In [None]:
import numpy as np
from sklearn.datasets import fetch_openml
from sklearn.model_selection import train_test_split
from sklearn.metrics import roc_auc_score


In [None]:
import numpy as np
from sklearn.datasets import fetch_openml
from sklearn.model_selection import train_test_split
from sklearn.metrics import roc_auc_score


# =========================================================
# Helper functions (UNCHANGED from original)
# =========================================================
def sigmoid(z):
    return 1. / (1. + np.exp(-z))

def softmax(z):
    exp_z = np.exp(z - np.max(z, axis=1, keepdims=True))
    return exp_z / np.sum(exp_z, axis=1, keepdims=True)

def int_to_onehot(y, num_labels):
    ary = np.zeros((y.shape[0], num_labels))
    for i, val in enumerate(y):
        ary[i, val] = 1
    return ary

def minibatch_generator(X, y, minibatch_size):
    indices = np.arange(X.shape[0])
    np.random.shuffle(indices)
    for start_idx in range(0, indices.shape[0] - minibatch_size + 1, minibatch_size):
        batch_idx = indices[start_idx:start_idx + minibatch_size]
        yield X[batch_idx], y[batch_idx]


# =========================================================
# Neural network with TWO hidden layers (500, 500)
# =========================================================
class NeuralNetMLP2:

    def __init__(self, num_features, num_hidden1, num_hidden2, num_classes, random_seed=1):

        rng = np.random.RandomState(random_seed)

        self.num_classes = num_classes

        self.weight_h1 = rng.normal(0.0, 0.1, (num_hidden1, num_features))
        self.bias_h1   = np.zeros(num_hidden1)

        self.weight_h2 = rng.normal(0.0, 0.1, (num_hidden2, num_hidden1))
        self.bias_h2   = np.zeros(num_hidden2)

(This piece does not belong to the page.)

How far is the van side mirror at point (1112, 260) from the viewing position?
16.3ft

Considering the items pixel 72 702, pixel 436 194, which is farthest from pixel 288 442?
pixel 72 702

        self.weight_out = rng.normal(0.0, 0.1, (num_classes, num_hidden2))
        self.bias_out   = np.zeros(num_classes)

    def forward(self, x):

        z_h1 = np.dot(x, self.weight_h1.T) + self.bias_h1
        a_h1 = sigmoid(z_h1)

        z_h2 = np.dot(a_h1, self.weight_h2.T) + self.bias_h2
        a_h2 = sigmoid(z_h2)

        z_out = np.dot(a_h2, self.weight_out.T) + self.bias_out
        a_out = softmax(z_out)

        return a_h1, a_h2, a_out

    def backward(self, x, a_h1, a_h2, a_out, y):

        y_onehot = int_to_onehot(y, self.num_classes)
        n = y.shape[0]

        # MSE derivative
        dL_da = 2. * (a_out - y_onehot) / n

        # Backprop through softmax
        tmp = np.sum(dL_da * a_out, axis=1, keepdims=True)
        delta_out = a_out * (dL_da - tmp)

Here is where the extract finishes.